Much of the dynamic of the film focuses on predator and prey relationships, and of course, there is the undeniable reality that historically, foxes have eaten bunnies for breakfast. Her parents even give her what is akin to a can of pepper spray called "Fox Away" before she starts her new urban life. And all of this got me thinking that while there is the undeniable commentary on minority groups and tolerance, there is also very much a strong message being made to adults regarding predators of the sexual nature.

I don't want to get all Freudian on everyone here - but as I was walking home this evening with my take-out Chinese what has been intriguing me for days about Zootopia is that many of the main characters in the "prey" species are female, including the overworked and underappreciated Bellwether, a sheep an assistant to the Mayor of Zootopia who is - what else? - a lion magnificently voiced by J.K. Simmons.
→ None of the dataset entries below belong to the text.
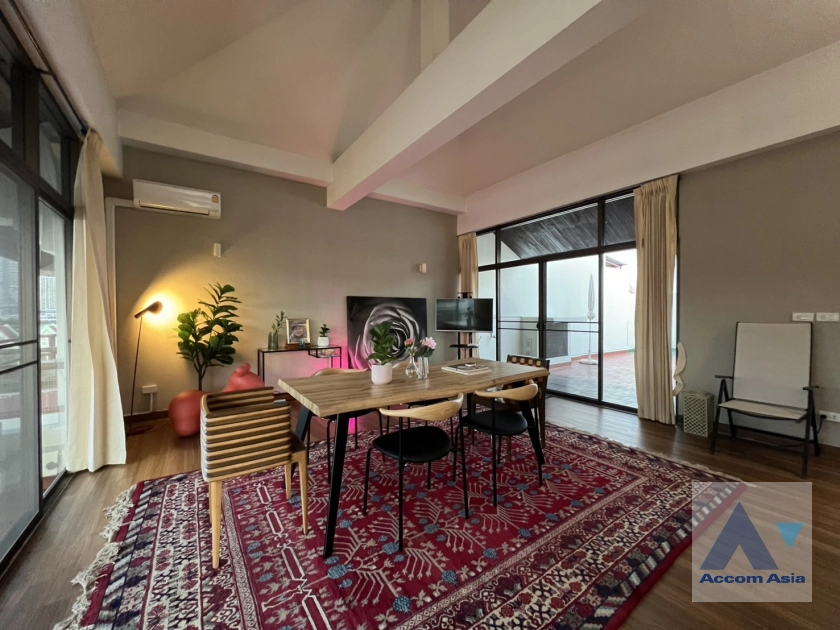 7  4 br Townhouse For Sale in Pattanakarn ,Bangkok ARL Hua Mak AA36437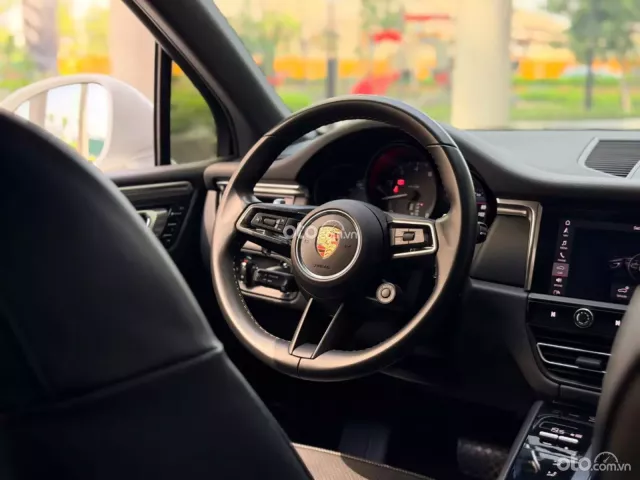 Porsche Macan 2023 14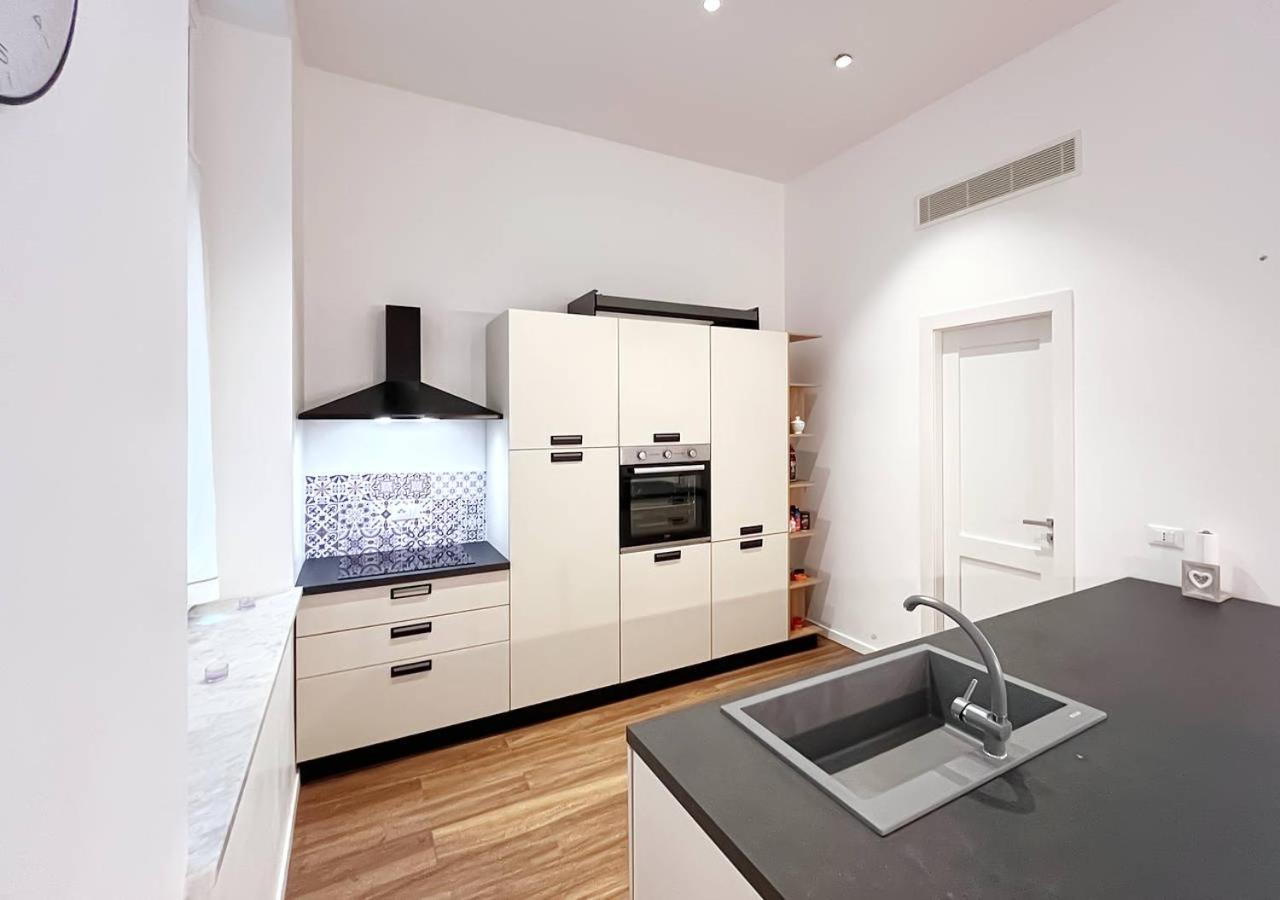 Solemar Sicilia - Palazzo Pirrotta Apartment Palermo Bagian luar foto
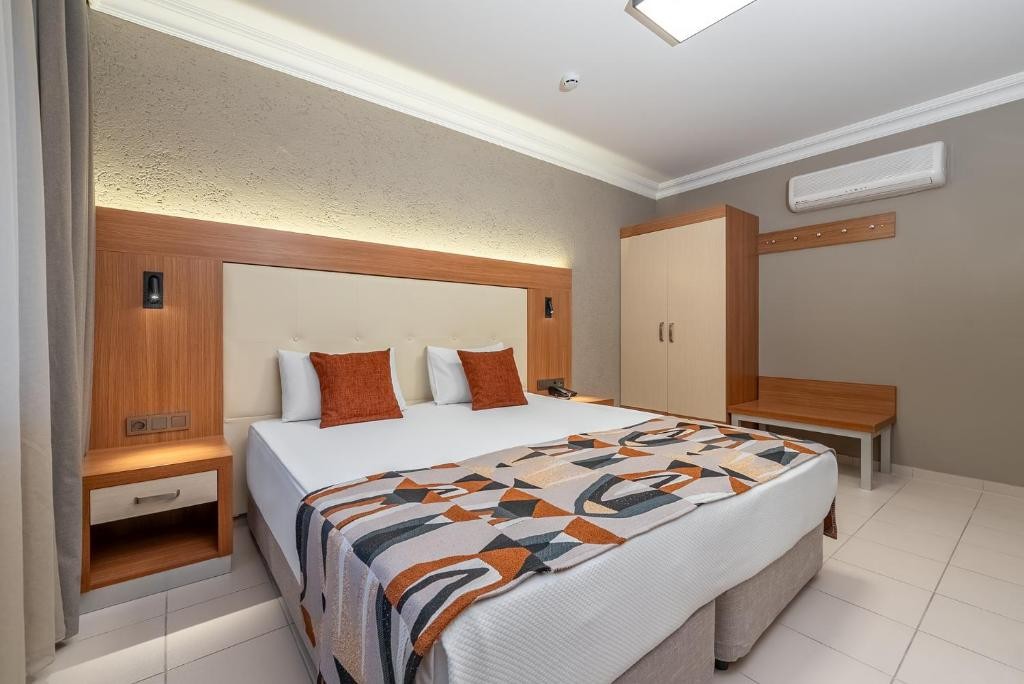 VILLA SUNFLOWER APARTS & SUITES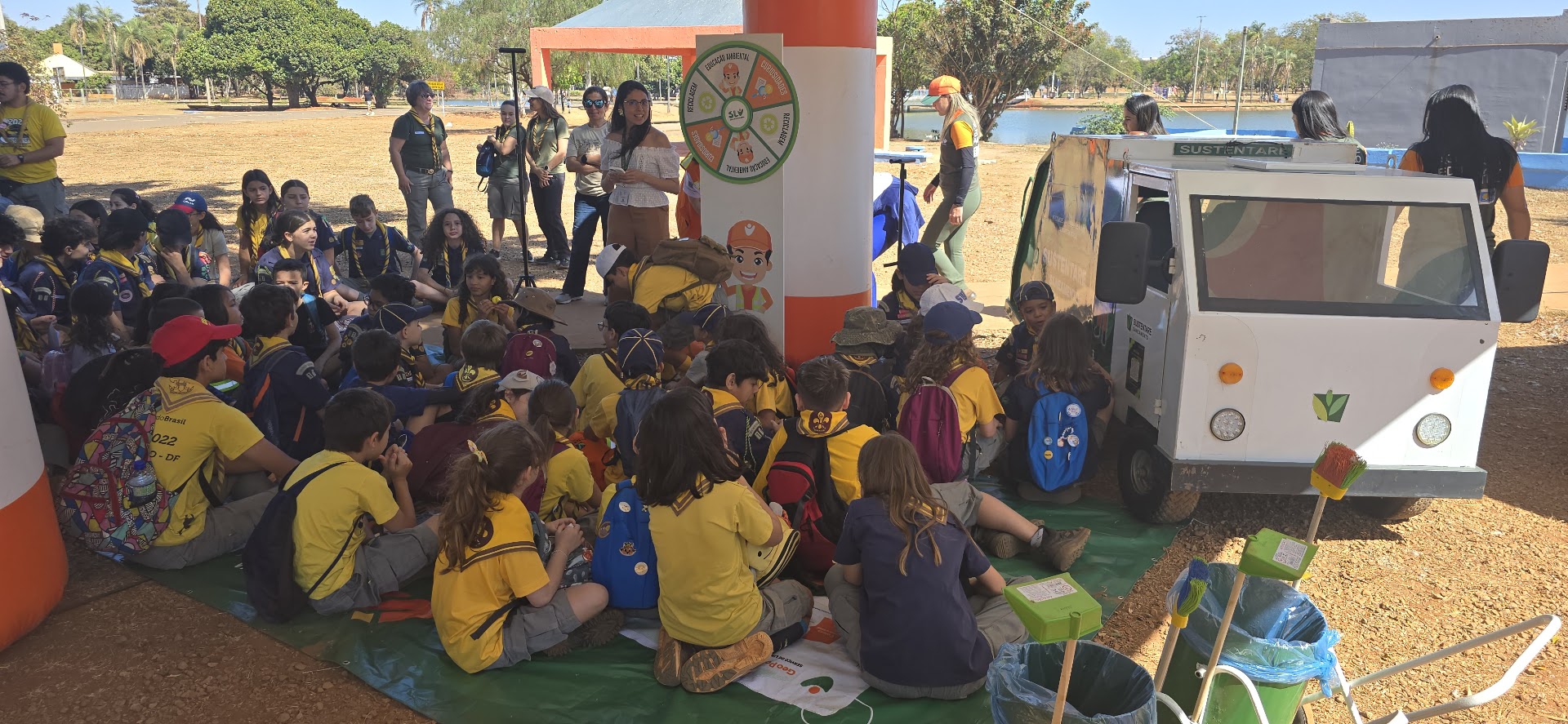 Campanha Lixo no Lixo mobiliza voluntários no Parque da Cidade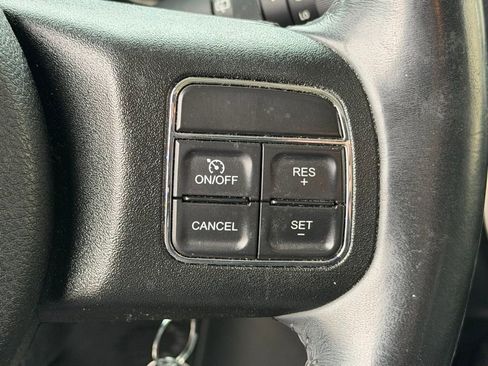 Used 2017 Jeep Wrangler Unlimited Sahara w/ Connectivity Group image 14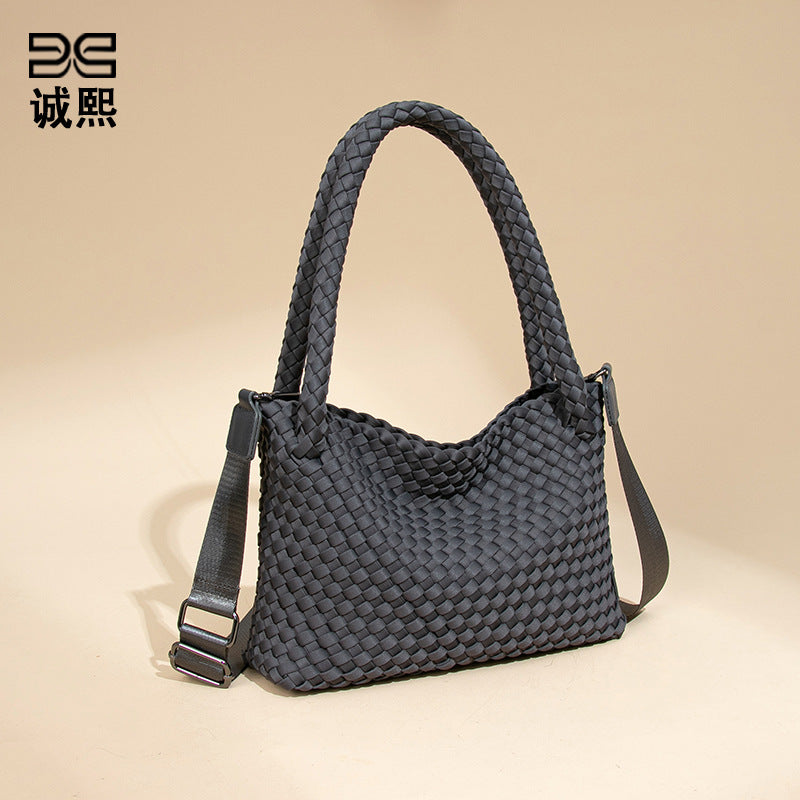 工厂定制贴标纯色手工编织包女士手提单肩腋下包大容量通勤斜挎包
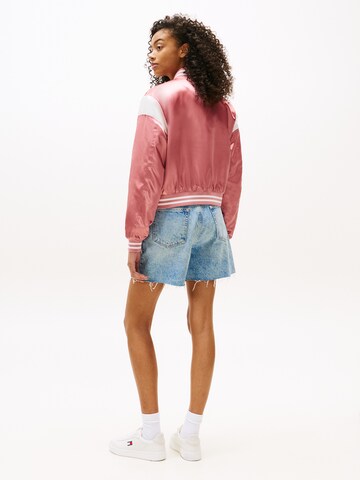 Tommy Jeans Демисезонная куртка в Ярко-розовый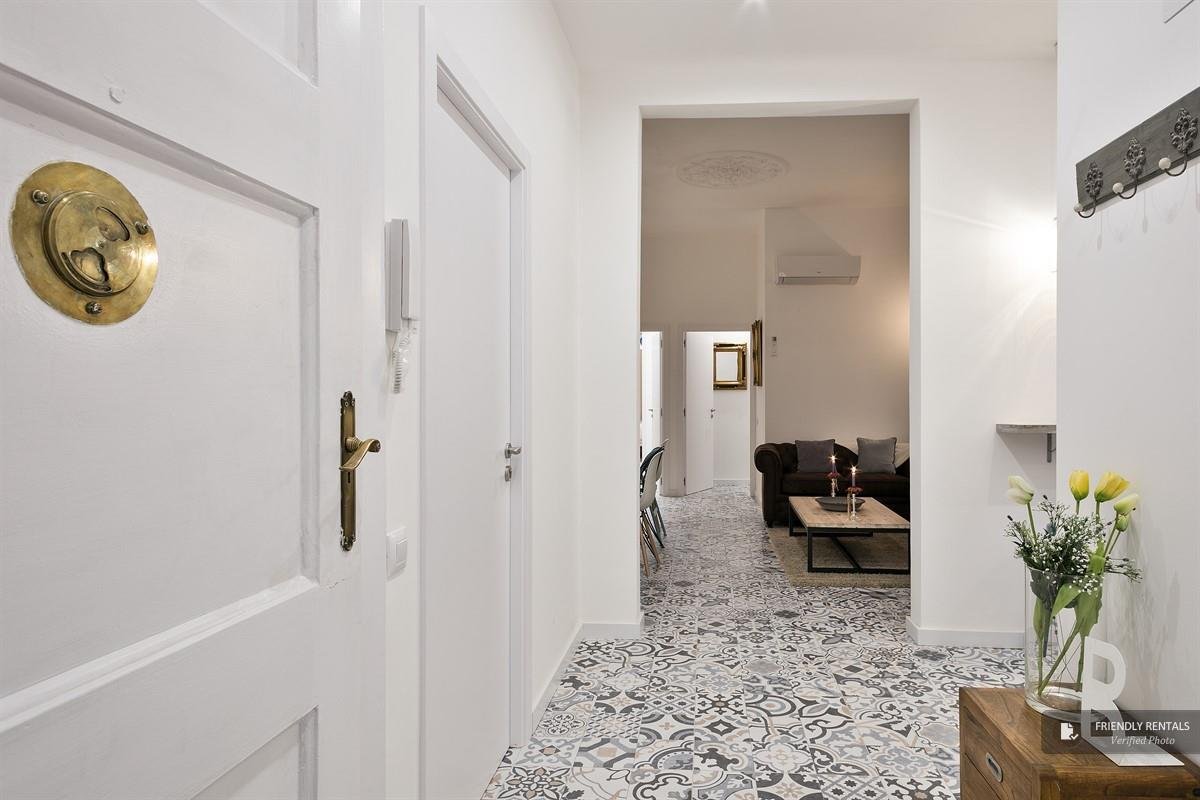 Auténtico Apartamento Cerca de Plaza Catalunya gallery image 5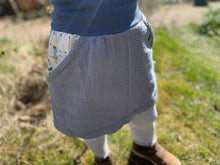 Lade das Bild in den Galerie-Viewer, Musselin Rock Hellblau Wiesenelfen mit oder ohne Haarband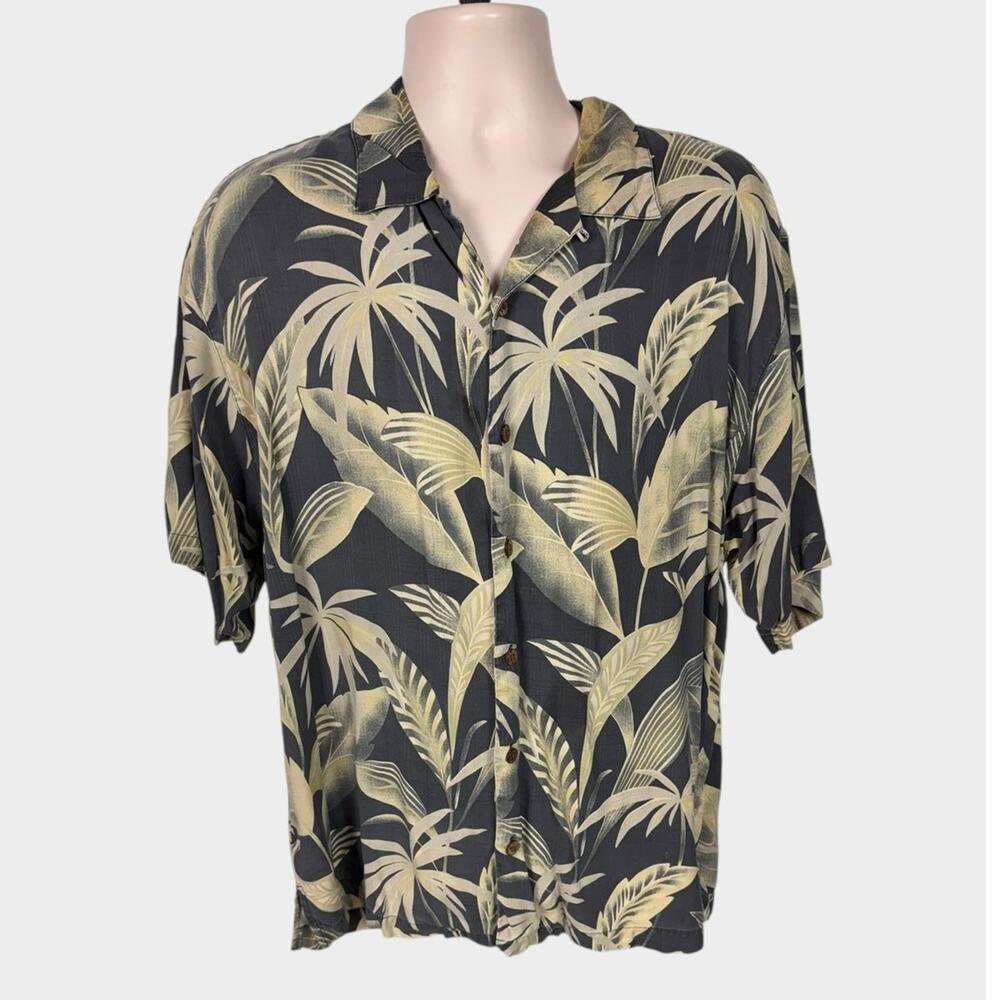 Tommy Bahama Mens Large 100% Silk Short Sleeve Button Front Shirt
HERE THERE BE MINOR SPOILERS, MATEY. 

There is a scene towards the end of the film where Nick reverts back to his predatory nature and turns on Judy. It is a tense, uncomfortable scene, and it dawned on me days later that from an adult audience viewpoint, there were undeniable notes of sexual aggression in that moment. In my days as a full-time audiobook proofreader, I read more romantic fiction than I'd care to admit. Terms like "predator" and "mating" were standard vernacular - I would venture to say that the filmmakers were pushing the envelope here to put in some thoughtful commentary on gender relationships and the importance of those relationships - particularly close, personal ones  - being built on mutual love, respect, and honesty.

There are pop culture references aplenty to lighten the mood and the animation is by nature stunning. It is incredible how far CGI animation has come in creating believable textures, and supporting character Clawhauser, an overstuffed, donut-loving cheetah, is so fluffy one could almost reach out and stroke his fat bespeckled head. And let's face it, going all the way back to Disney's reimagining of Robin Hood with woodland creatures (1973), they have always cornered the market on creating wonderful foxes.

It is in every way a fable addressing serious issues of our current world in an enjoyable and accessible way. With well-rounded starring and supporting characters, an ingenious plot and a solid screenplay to weld it together, Zootopia proves once again that animated movies can be adult-friendly, too. 

Jackaroo sez: Another modern classic to add to Disney's impressive collection, Zootopia is smart and funny in equal measures, purrfectly straddling the line between accessible joy for young ones and thoughtful, accessible commentary on modern society for older children and adults.